Le souverainisme québécois est condamné à échouer de nouveau s’il ne porte pas au Québec, à sa manière, la révolte des peuples qui s’exprime à la fois dans la critique du supranationalisme et dans la quête traditionnelle de l’indépendance. «Il faut comprendre, dit Leroux, le malaise qui pousse les Britanniques et les Catalans à entreprendre de si grands bouleversements, sous l’angle particulier du Québec, de son histoire, de son rapport difficile à sa propre naissance au moyen de la conquête de sa souveraineté». Le souverainisme québécois ne saurait plus être une forme de pragmatisme effarouché devant la mobilisation des passions collectives. Au contraire: la colère des peuples est légitime. Ceux qui plaident pour l’État-nation ne se portent pas à la défense d’une forme historique périmée. Au contraire: ils se mobilisent pour conserver le cadre à travers lequel les peuples font l’exercice de la souveraineté et parviennent à poser leur identité historique comme norme collective.    

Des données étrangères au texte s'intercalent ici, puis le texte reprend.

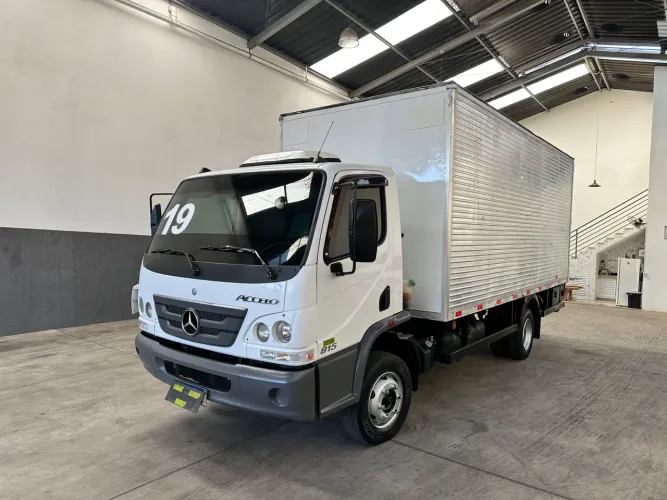 Caminhão Mercedes-Benz Accelo 815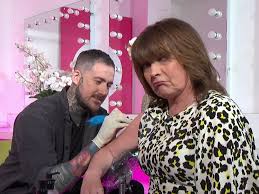Lorraine Kelly Walks Off Set After Tattoo Mishap Live On Air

Je m’en voudrais de ne pas le dire: Leroux a cette capacité rare de voir le monde autrement qu’à travers les lunettes officielles imposées par le régime. Il y aurait bien d’autres choses à dire sur cet ouvrage hors de l’ordinaire, essentiel, qui traduit en termes québécois des questions qui traversent le monde occidental. Nul besoin d’en partager toutes les analyses et les conclusions – le démocrate libéral que je suis trouve son antilibéralisme exagérément sévère, pour le dire d’un euphémisme- pour en reconnaître la richesse et pour convenir que David Leroux est certainement un des penseurs les plus stimulants de ce qu’on appelle la nouvelle génération. Cela s’explique peut-être en partie parce qu’il mène sa vie intellectuelle à l’extérieur des institutions formatées qui définissent l’idéologie officielle. Mais cela s’explique aussi par sa vitalité intellectuelle bouillonnante, qui l’amène à penser les questions interdites, sans se soumettre aux tabous qui les écrasent. Je ne sais pas si les souverainistes, tels qu’ils sont devenus, parviendront à s’approprier politiquement cette pensée ou du moins, à en retenir certains fragments essentiels. J’en serais surpris. Je suis convaincu, toutefois, qu’ils devraient entrer en dialogue avec elle.